Good ball movement finally on that play but they are just ice cold


----------



## futuristxen (Jun 26, 2003)

Wilkins has been getting away with a ton of contact on Lebron.


----------



## Wade County (Jun 22, 2003)

14pt lead, cut to 2.

What the ****


----------



## BlackNRed (Feb 9, 2005)

This is the laziest offense I think I've ever seen in Miami. Is the coaching staff working on this or are they just sitting on their hands? You see spurts of improvement then they just go back into the same routine.


----------



## Wade2Bosh (Mar 31, 2004)

63-61 Miami after 3

Horrible 3rd quarter.

Horford Millsap'ed us for 14 points.


----------



## Wade County (Jun 22, 2003)

Horford 9-10 from the field. He's MillsapOkaforing us.


----------



## Wade2Bosh (Mar 31, 2004)

Thank you Dwyane for attacking the rim.


----------



## PoetLaureate (Feb 8, 2009)

Ugh, another lazy 3 from Wade.
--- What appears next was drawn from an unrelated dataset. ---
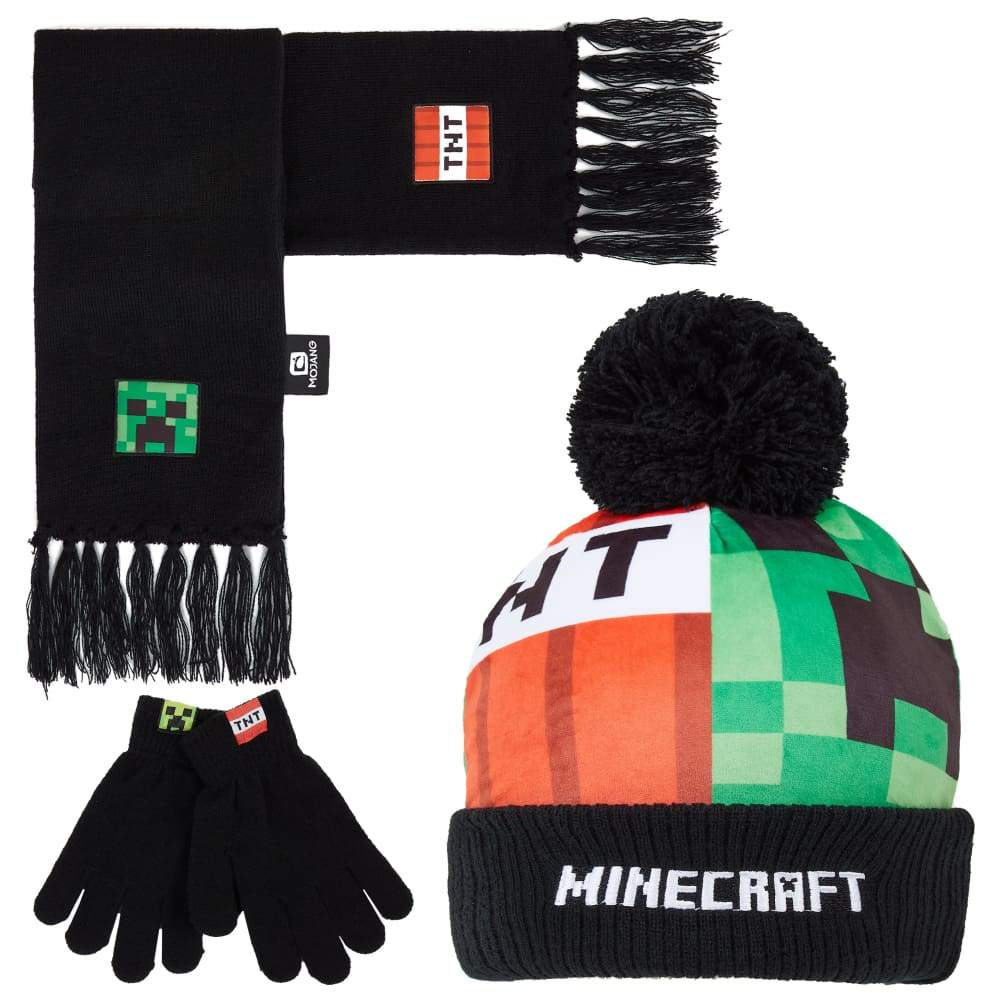 Minecraft Hat Scarf And Gloves Set Boys, Gaming Gifts For Boys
Nice finish on that almost botched fast break though.


----------



## futuristxen (Jun 26, 2003)

Would like to see Bosh get something going to the rim


----------



## PoetLaureate (Feb 8, 2009)

Sun Sports camera angles made Bosh hesitate on that jumper


----------



## Wade2Bosh (Mar 31, 2004)

Whenever Bosh hesitates on a J, he almost always misses.


----------



## BlackNRed (Feb 9, 2005)

Bosh too indecisive right there, just take the shot big man.


----------



## Wade2Bosh (Mar 31, 2004)

nice putback by Bosh


----------



## PoetLaureate (Feb 8, 2009)

Nice follow by Bosh


----------



## Wade2Bosh (Mar 31, 2004)

Bosh with the hook


----------



## Dee-Zy (Jan 12, 2006)

-Nice speed by a 6'9" playing center.

-... that's... why...


----------



## Wade County (Jun 22, 2003)

Atleast Bosh is being aggressive. 

Haven't seen LBJ really since half time, what's he doing out there?


----------



## Wade2Bosh (Mar 31, 2004)

Lebron checks in for JJ


----------



## PoetLaureate (Feb 8, 2009)

I want to see our offensive numbers with and without Bosh. The offense always seems to be a bit cleaner when he is heavily involved.


----------



## Wade2Bosh (Mar 31, 2004)

nice up and under by Bosh to get 2 free throws


----------



## Dee-Zy (Jan 12, 2006)

Sick Footwork By Booooooosh!!!!!!!!! :d


----------



## Wade County (Jun 22, 2003)

First trip to the line tonight for Bosh. We know he's a pretty good jump shooter, but he needs to get into the paint for some easy ones a little more.


----------



## Wade County (Jun 22, 2003)

Only 10 fga for LBJ tonight


----------



## futuristxen (Jun 26, 2003)

Josh Smith can't guard Bosh in the mid-post. Should go to that every time down.


----------



## Wade2Bosh (Mar 31, 2004)

Our role players still are being very quiet tonight. Only 8 points from the non big 3 in the 1st half, and only 2 points so far in this 2nd half from a non big 3 player.


----------



## Wade2Bosh (Mar 31, 2004)

Crawford remembered in this half who he was playing


----------



## IbizaXL (Sep 21, 2005)

Bosh firing up the crowd. "c moon!!" lol

cant say i blame him. Not only are we a horrible sports town, but all the kiddie graphics on the TVs and the whole sterile environment in the arena dumbs down the fans.


----------



## PoetLaureate (Feb 8, 2009)

Nice block Joel


----------



## Wade County (Jun 22, 2003)

Cmon guys - close it out....


----------



## futuristxen (Jun 26, 2003)

Lebron is playing too slow. Didn't even get into the offense until 12 seconds on the clock


----------



## Wade County (Jun 22, 2003)

This is so frustrating.

What are we doing!


----------



## PoetLaureate (Feb 8, 2009)

This team just cannot score in the halfcourt


----------



## Smithian (Apr 3, 2006)

Remember when we used to love the Wade2Moon alley oop play in the halfcourt?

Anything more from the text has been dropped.